L’introduzione di nuovi dazi da parte degli Stati Uniti sulle importazioni dalla Cina, volti a proteggere l’economia americana potrebbero avere effetti collaterali significativi per l’Europa e, in particolare, per l’Italia.
Secondo un’indagine dell’Institute of Applied Economic Research, il 74% delle PMI italiane dipende in modo critico dall’importazione di materie prime dalla Cina e da altri mercati asiatici. L’introduzione di dazi potrebbe quindi comportare un aumento dei costi di produzione per molte PMI.
Non solo.
Mario Draghi ha avvertito che l’aumento dei dazi statunitensi sulla Cina potrebbe reindirizzare la sovra produzione cinese non più assorbita dagli USA verso l’Europa. Ciò significa che le aziende italiane potrebbero trovarsi a competere con un afflusso di prodotti cinesi a basso costo, mettendo a rischio la loro competitività.
Emergono 5 sfide globali per le PMI italiane:
- Aumento dei costi delle materie prime: I nuovi dazi imposti dagli Stati Uniti, in particolare su prodotti cinesi possono indirettamente influenzare i prezzi delle materie prime, rendendo più costosa la produzione.
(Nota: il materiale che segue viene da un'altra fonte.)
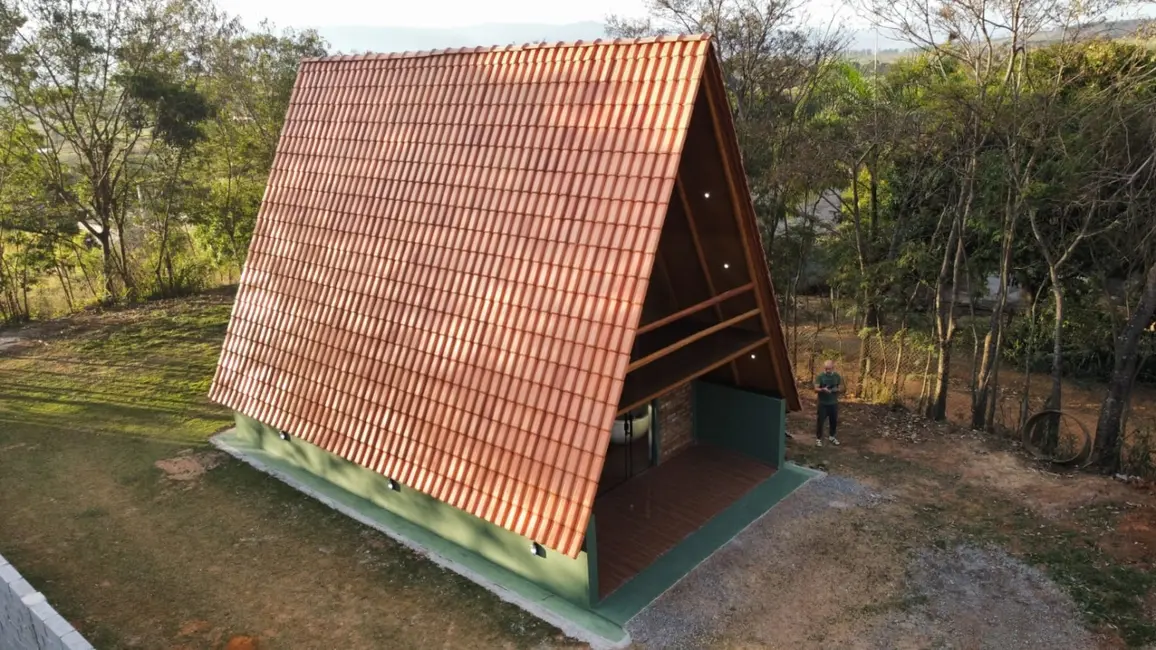Foto 3 de Chácara com 2 quartos à venda, 80m2 em Goiabal, Pindamonhangaba - SP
- Concorrenza di prodotti cinesi a basso costo: Con l’accesso limitato al mercato americano, le aziende cinesi potrebbero riversare i loro prodotti in Europa, intensificando la competizione.
- Rischio di perdere quote di mercato negli Stati Uniti: Le esportazioni italiane potrebbero subire un calo a causa delle nuove barriere commerciali, riducendo la presenza del Made in Italy oltreoceano.
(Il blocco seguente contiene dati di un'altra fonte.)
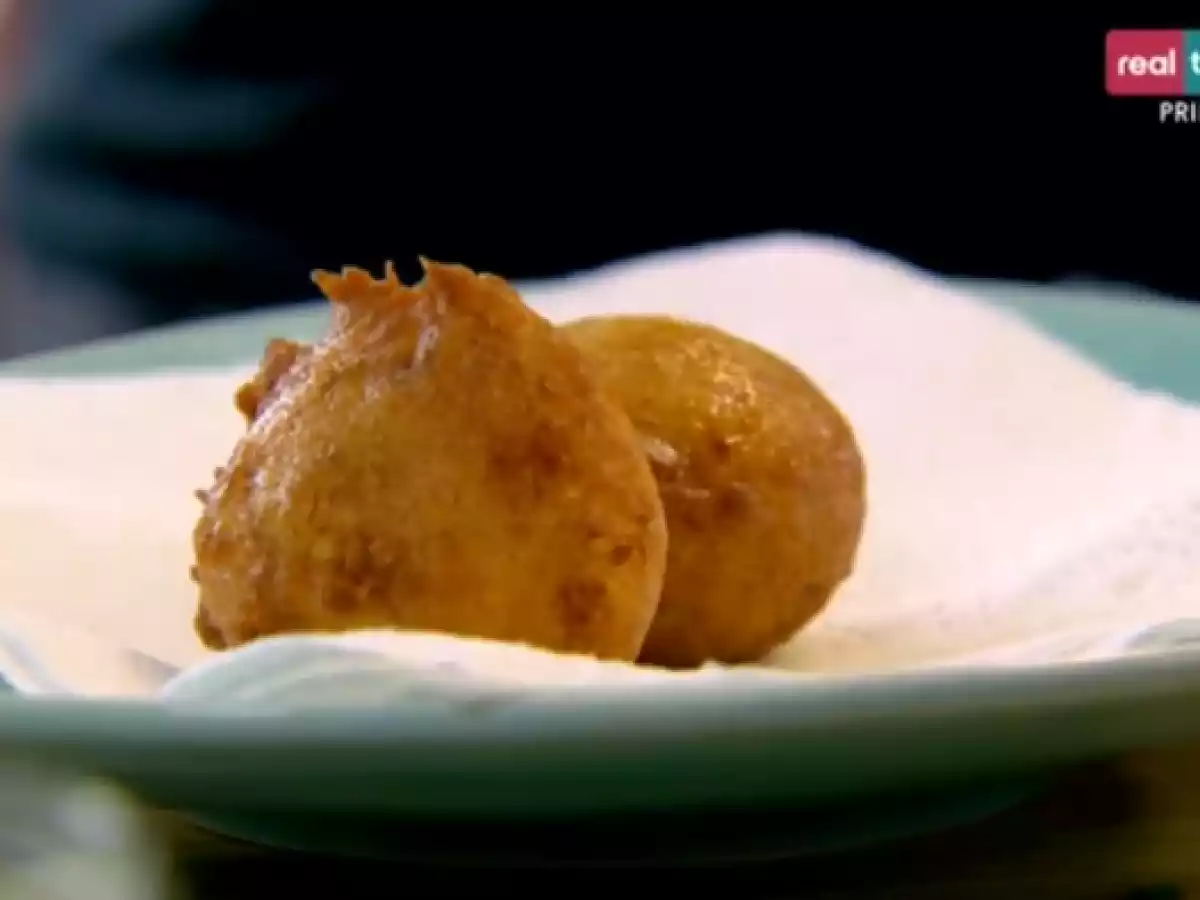 Frittelle di banane e cocco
- Pressione sui margini di profitto: L’aumento dei costi e la necessità di mantenere prezzi competitivi possono comprimere i margini, mettendo a rischio la sostenibilità finanziaria.
- Incertezza normativa e commerciale: Le politiche commerciali possono cambiare rapidamente, creando un ambiente instabile e difficile da prevedere.
Le PMI italiane hanno una straordinaria capacità di resistere. L’eccellenza e l’unicità del Made in Italy possono essere un antidoto efficace. In particolare, i prodotti che si distinguono per innovazione tecnologica, design e personalizzazione consentono di mantenere la loro competitività anche in un contesto di aumento dei prezzi.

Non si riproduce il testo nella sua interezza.